Your objective:
Begin at the line containing "32 gb - 2 планки" and retype each line through the end of the records exactly. Include nothing else and no pictures.

[Scraped caption text data]
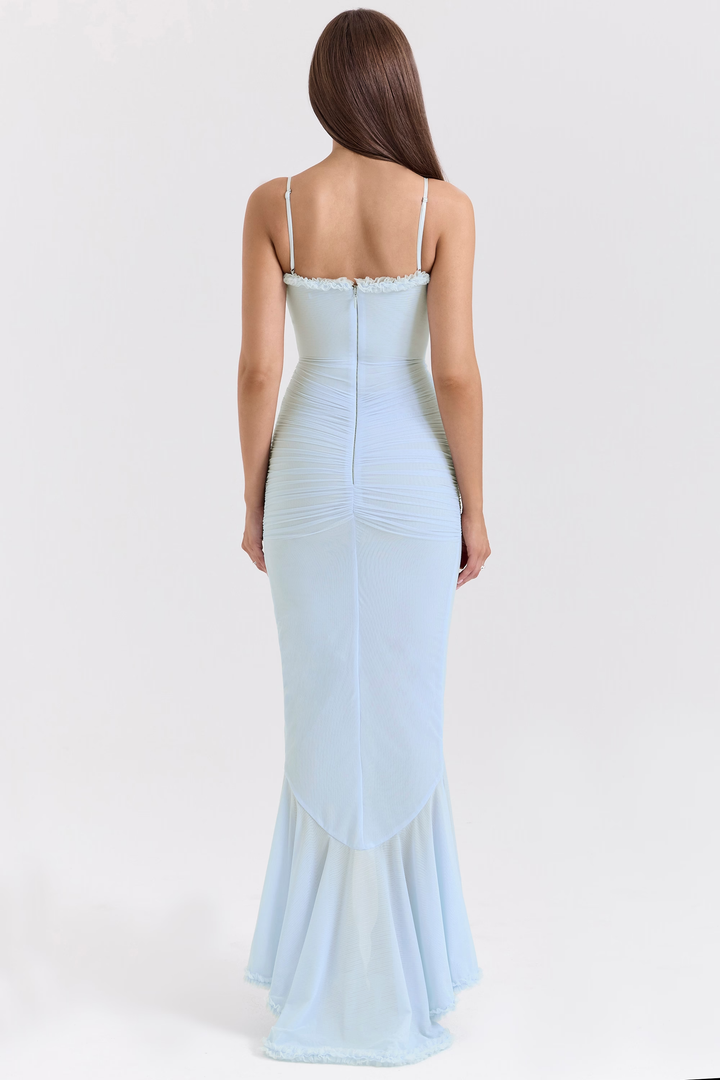 Carina Mesh Ruffled Front Gown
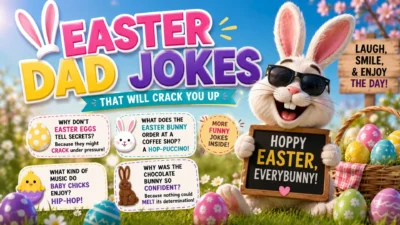 Easter dad jokes image with a funny bunny, colorful eggs, and playful family-friendly Easter humor in a spring setting.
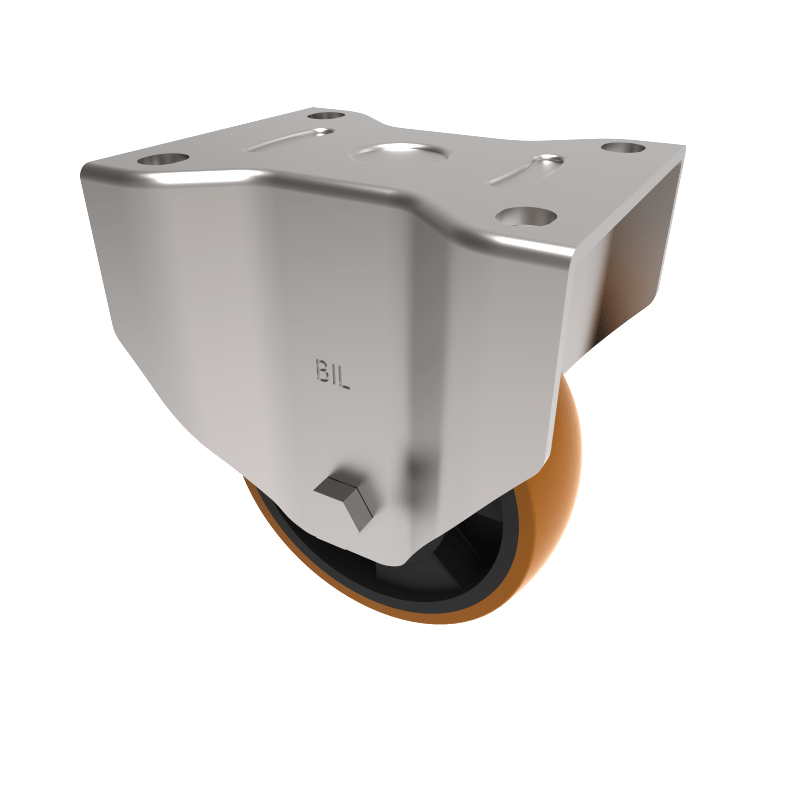 Polyurethane Nylon Plate Fixed Castor 125mm 400kg Load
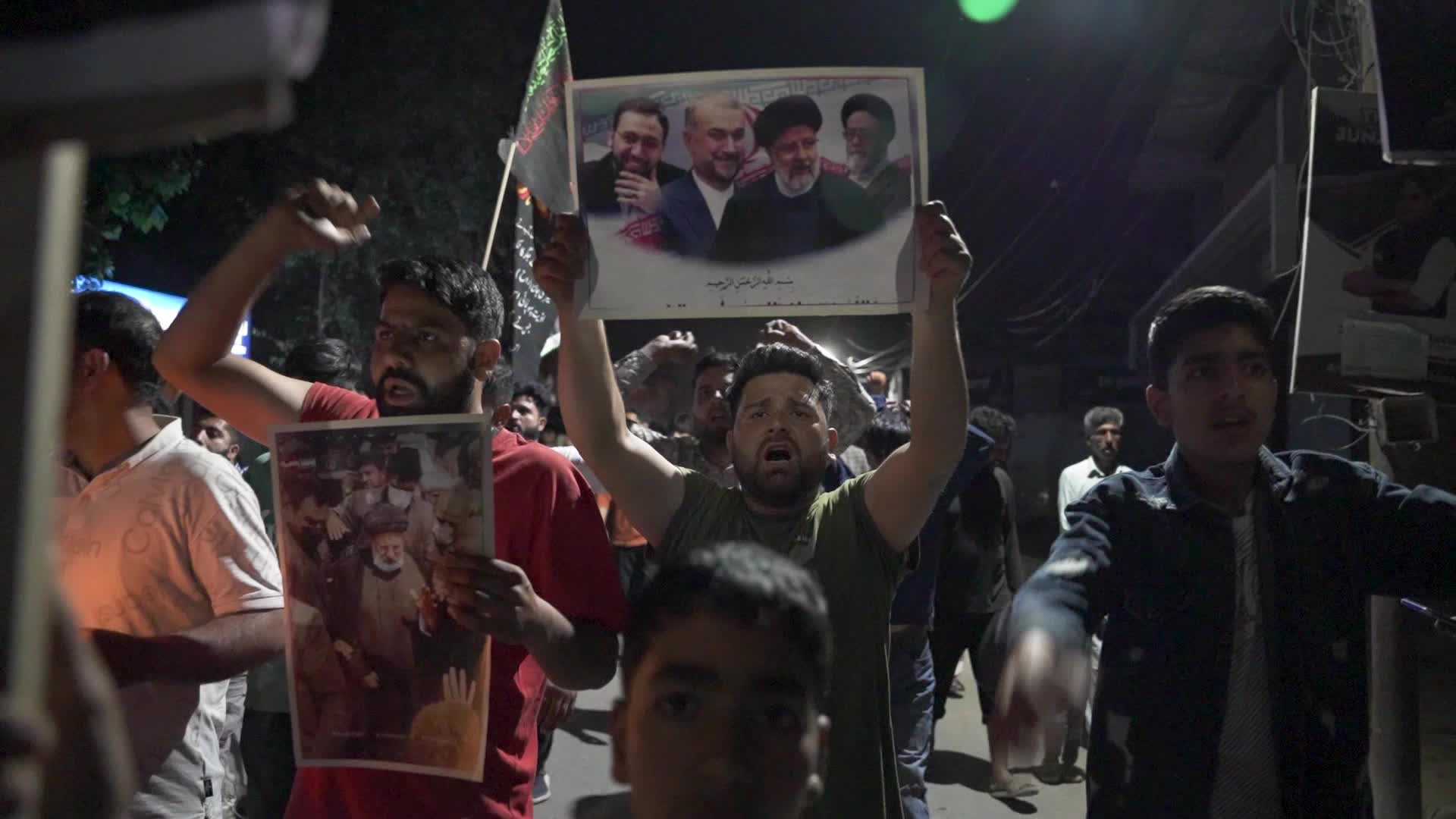 Rally in Kashmir Paying Tribute to Iranian President Raisi and others.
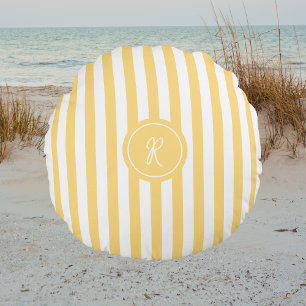 Geel Frans strand Stripe gepersonaliseerd monogram Rond Kussen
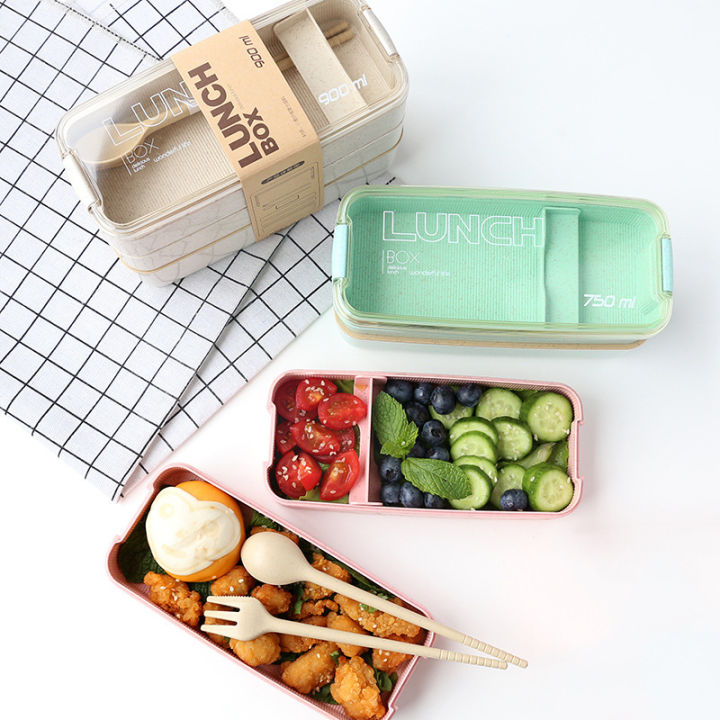 Portable 3-layer Japanese Lunch Box With Utensils, Bento Box 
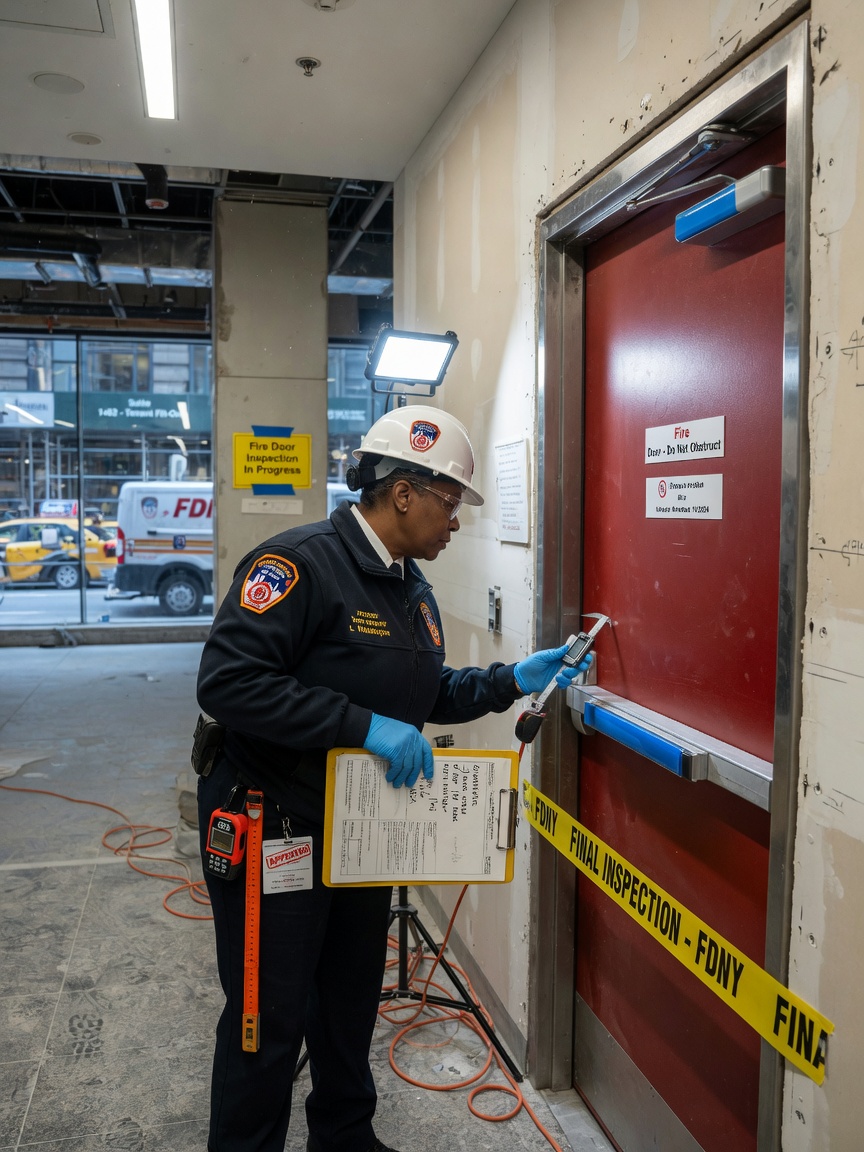 Ultra-realistic 8K photo of an FDNY inspector examining a newly installed fire door during final inspection in a Manhattan commercial building, clipboard and measuring tools in hand, serious professional atmosphere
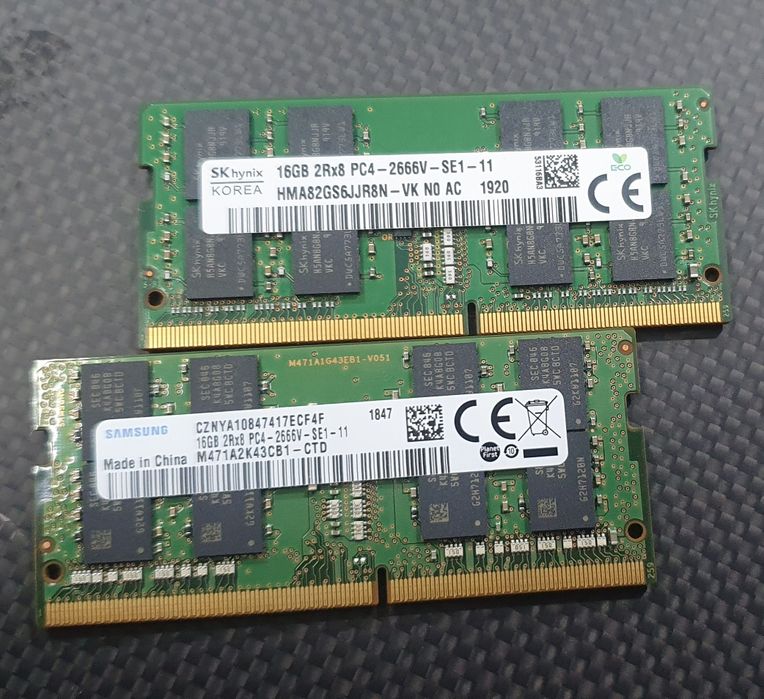 32 gb - 2 планки Памяти для ноутбука sodimm ddr4 по 16gb
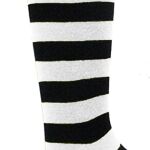 black white striped socks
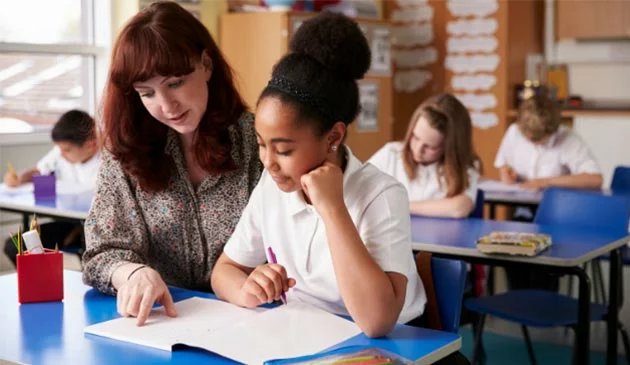 Teacher and student school classroom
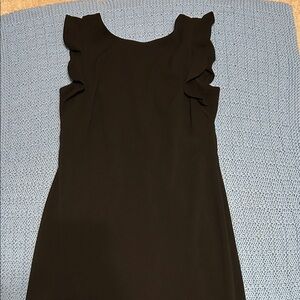 Calvin Klein  Black with Ruffle on Shoulders Dress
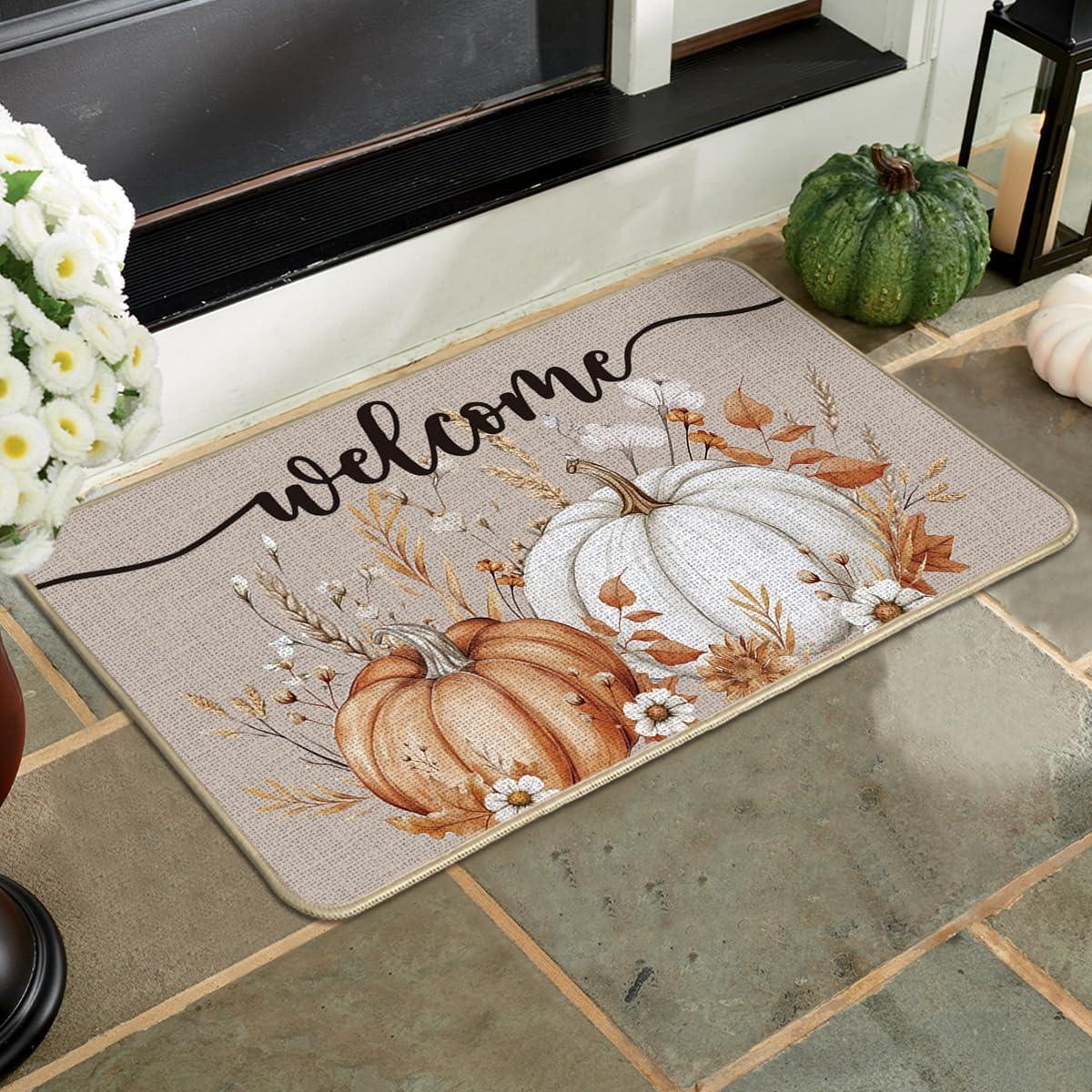 image:imageArtoid Mode Flowers Pumpkin Welcome Fall Doormat Autumn Home Decor LowProfile Door Mat Switch Rug Floor Mat for Indoor Outdoor 17x29 Inch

Solution below:
 32 gb - 2 планки Памяти для ноутбука sodimm ddr4 по 16gb
 black white striped socks
 Teacher and student school classroom
 Calvin Klein  Black with Ruffle on Shoulders Dress
 image:imageArtoid Mode Flowers Pumpkin Welcome Fall Doormat Autumn Home Decor LowProfile Door Mat Switch Rug Floor Mat for Indoor Outdoor 17x29 Inch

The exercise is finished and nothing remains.